Intel and Hitachi have announced plans to jointly develop enterprise level
solid state drives (SSDs) aimed at servers, storage systems and workstations.
The pair will create a new range of Serial Attached SCSI and Fibre Channel
Flash-based drives, which should be available in early 2010.
"The new SSDs for the enterprise include a number of architectural
breakthroughs and improved performance and energy usage models that will change
enterprise computing," said Randy Wilhelm, vice president and general manger of
Intel's Nand Solutions Group.
SSDs are still limited in terms of capacity, and the new drives will be
designed to complement traditional enterprise-class hard drives in environments
that require high input/output operations per second, performance and power
efficiency.
The drives will be built on Intel's Nand Flash and SSD technology, but will
be branded and exclusively sold and supported by Hitachi.
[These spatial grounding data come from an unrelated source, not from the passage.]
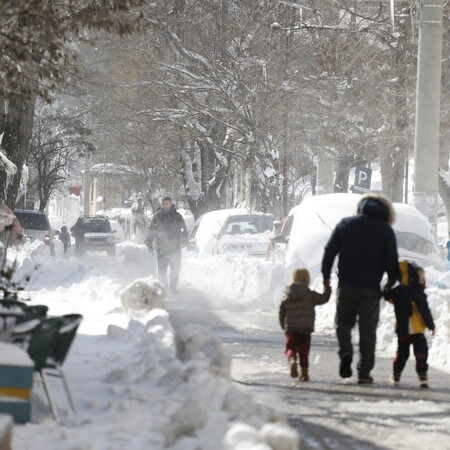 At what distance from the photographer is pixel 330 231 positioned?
17844 mm

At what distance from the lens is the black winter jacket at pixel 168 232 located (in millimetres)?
20578

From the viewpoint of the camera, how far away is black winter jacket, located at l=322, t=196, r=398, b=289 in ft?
33.2

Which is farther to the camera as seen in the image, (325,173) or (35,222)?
(35,222)

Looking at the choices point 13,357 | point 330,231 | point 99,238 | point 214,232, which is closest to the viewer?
point 13,357

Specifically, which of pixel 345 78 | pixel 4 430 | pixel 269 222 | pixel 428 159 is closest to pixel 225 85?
pixel 269 222

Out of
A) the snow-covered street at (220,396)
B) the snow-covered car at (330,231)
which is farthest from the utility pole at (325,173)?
the snow-covered street at (220,396)

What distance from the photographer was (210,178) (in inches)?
1941

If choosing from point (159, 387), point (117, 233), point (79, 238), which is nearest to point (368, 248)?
point (159, 387)

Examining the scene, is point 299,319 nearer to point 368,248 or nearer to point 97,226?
point 368,248

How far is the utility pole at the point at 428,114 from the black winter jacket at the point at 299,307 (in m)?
8.18

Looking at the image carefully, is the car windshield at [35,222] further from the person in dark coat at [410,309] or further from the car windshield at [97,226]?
the person in dark coat at [410,309]

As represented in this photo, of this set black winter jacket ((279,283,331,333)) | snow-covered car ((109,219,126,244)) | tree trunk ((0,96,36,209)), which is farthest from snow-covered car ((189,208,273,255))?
black winter jacket ((279,283,331,333))

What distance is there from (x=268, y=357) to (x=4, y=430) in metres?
6.73

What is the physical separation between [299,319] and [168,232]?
10.5 metres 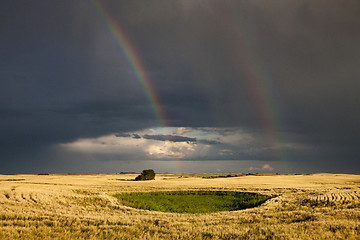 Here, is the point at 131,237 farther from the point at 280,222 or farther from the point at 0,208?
the point at 0,208

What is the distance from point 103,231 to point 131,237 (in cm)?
249

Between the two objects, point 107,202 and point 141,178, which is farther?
point 141,178

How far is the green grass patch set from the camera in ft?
119

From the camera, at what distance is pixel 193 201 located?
4094 centimetres

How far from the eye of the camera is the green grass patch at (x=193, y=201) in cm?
3629

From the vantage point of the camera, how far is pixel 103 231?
17.6m

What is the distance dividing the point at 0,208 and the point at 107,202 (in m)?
11.3

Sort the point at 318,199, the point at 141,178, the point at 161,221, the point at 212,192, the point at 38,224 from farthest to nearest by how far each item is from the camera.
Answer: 1. the point at 141,178
2. the point at 212,192
3. the point at 318,199
4. the point at 161,221
5. the point at 38,224

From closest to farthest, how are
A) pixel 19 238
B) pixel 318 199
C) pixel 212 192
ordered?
pixel 19 238
pixel 318 199
pixel 212 192

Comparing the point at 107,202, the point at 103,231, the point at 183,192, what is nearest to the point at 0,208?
the point at 107,202

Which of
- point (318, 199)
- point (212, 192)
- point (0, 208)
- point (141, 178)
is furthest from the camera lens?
point (141, 178)

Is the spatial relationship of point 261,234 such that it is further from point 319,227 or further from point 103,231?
point 103,231

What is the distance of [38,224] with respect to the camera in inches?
765

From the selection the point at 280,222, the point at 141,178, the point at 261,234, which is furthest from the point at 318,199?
the point at 141,178
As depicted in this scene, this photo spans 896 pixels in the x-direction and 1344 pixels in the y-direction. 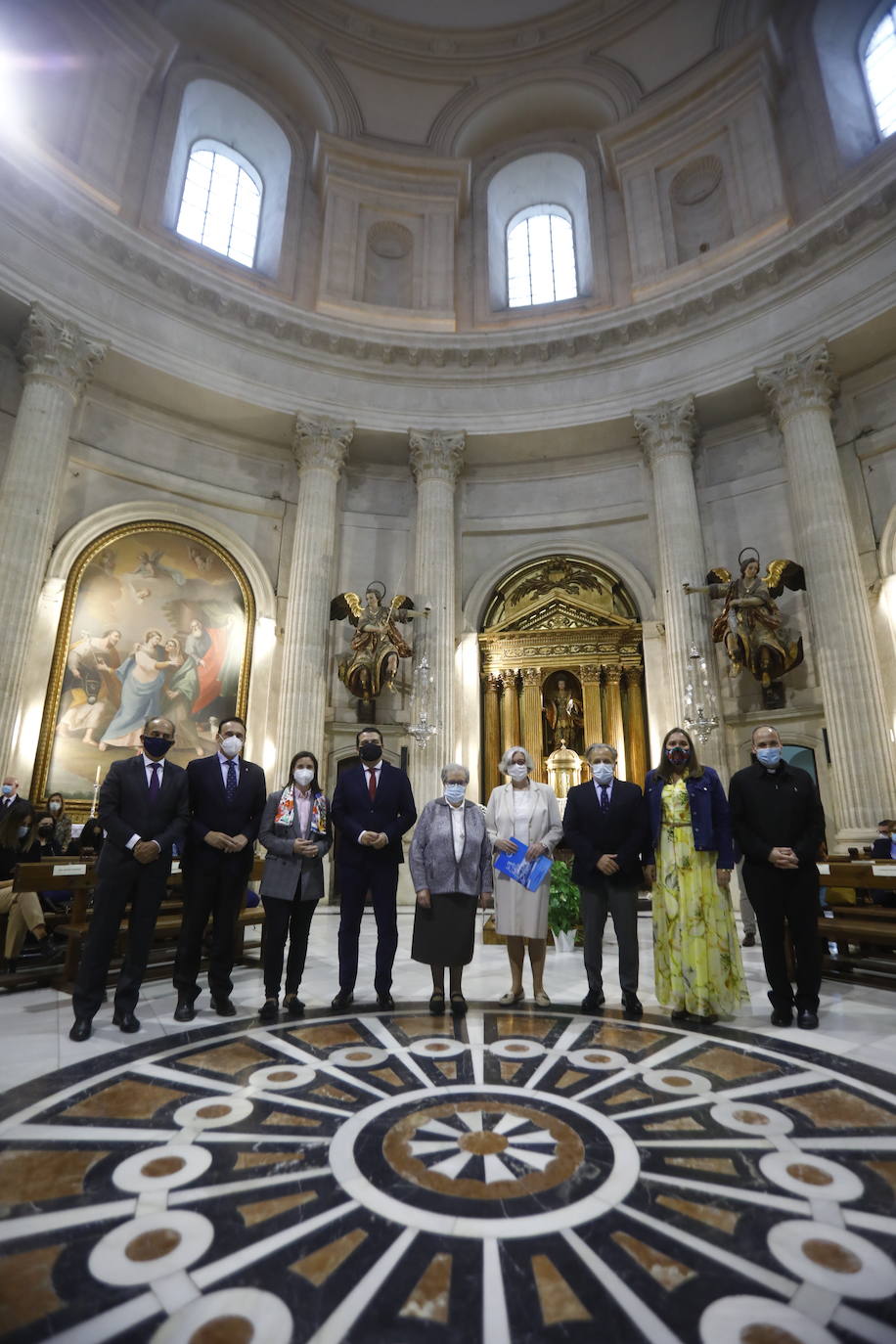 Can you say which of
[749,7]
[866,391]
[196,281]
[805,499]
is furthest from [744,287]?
[196,281]

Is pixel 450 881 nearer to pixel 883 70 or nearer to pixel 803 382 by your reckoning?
pixel 803 382

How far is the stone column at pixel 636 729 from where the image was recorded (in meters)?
11.8

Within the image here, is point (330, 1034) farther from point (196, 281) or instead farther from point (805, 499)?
point (196, 281)

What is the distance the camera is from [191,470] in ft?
41.1

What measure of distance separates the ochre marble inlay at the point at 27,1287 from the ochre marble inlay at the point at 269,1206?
43cm

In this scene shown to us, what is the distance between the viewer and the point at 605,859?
392 cm

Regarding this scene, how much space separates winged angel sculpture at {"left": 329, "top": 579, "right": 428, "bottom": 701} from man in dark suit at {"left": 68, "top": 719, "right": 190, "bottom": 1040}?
7885mm

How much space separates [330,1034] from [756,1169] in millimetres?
2063

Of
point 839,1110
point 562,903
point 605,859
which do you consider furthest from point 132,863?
point 562,903

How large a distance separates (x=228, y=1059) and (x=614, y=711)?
9986 mm

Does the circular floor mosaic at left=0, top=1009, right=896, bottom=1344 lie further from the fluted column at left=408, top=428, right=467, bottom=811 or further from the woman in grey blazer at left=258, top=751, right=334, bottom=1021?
the fluted column at left=408, top=428, right=467, bottom=811

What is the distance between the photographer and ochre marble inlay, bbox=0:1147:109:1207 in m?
1.85

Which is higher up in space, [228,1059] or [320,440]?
[320,440]

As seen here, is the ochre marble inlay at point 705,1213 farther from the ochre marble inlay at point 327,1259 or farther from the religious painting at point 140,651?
the religious painting at point 140,651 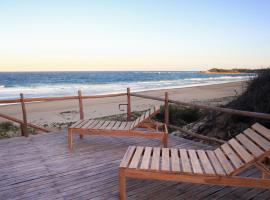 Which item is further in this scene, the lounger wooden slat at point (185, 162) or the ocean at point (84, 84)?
the ocean at point (84, 84)

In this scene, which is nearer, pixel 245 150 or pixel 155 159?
pixel 245 150

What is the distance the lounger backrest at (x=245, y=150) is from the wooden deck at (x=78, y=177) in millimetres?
416

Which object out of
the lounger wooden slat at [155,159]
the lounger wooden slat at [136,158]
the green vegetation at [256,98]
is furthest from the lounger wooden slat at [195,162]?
the green vegetation at [256,98]

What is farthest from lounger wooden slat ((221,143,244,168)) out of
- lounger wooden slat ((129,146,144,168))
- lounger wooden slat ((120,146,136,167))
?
lounger wooden slat ((120,146,136,167))

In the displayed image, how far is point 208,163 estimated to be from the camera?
2.39 meters

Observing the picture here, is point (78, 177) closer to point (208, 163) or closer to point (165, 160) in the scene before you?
point (165, 160)

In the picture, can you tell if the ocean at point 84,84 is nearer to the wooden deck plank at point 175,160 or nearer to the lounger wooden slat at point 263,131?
the lounger wooden slat at point 263,131

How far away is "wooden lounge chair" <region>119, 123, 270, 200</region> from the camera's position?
6.93 ft

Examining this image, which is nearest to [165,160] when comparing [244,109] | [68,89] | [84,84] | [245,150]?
[245,150]

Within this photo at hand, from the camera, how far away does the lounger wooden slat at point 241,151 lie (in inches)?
84.6

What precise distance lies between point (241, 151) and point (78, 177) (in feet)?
6.54

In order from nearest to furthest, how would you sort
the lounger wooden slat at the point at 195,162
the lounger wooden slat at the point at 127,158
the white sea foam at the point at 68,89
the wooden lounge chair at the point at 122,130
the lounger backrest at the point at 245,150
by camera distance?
the lounger backrest at the point at 245,150 → the lounger wooden slat at the point at 195,162 → the lounger wooden slat at the point at 127,158 → the wooden lounge chair at the point at 122,130 → the white sea foam at the point at 68,89

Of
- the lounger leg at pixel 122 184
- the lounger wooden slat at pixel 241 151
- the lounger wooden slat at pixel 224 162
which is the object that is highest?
the lounger wooden slat at pixel 241 151

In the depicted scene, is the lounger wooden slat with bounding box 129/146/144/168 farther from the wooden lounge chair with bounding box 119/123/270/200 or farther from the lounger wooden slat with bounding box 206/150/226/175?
the lounger wooden slat with bounding box 206/150/226/175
Meanwhile, Hitachi
will provide the firmware, support and system integration.
"By expanding our product line-up to include traditional enterprise hard
drives and new SSDs, Hitachi Global Storage Technologies [GST] will continue to
provide customers with a proven set of products tailored to meet the
high-performance, high-reliability requirements of today's datacentre," said
Shinjiro Iwata, executive vice president of strategic business operations at
Hitachi GST.
Intel
launched
its first SSDs into the consumer market in September, beginning with an 80GB
drive in 1.8in and 2.5in versions dubbed the X18-M and X25-M respectively.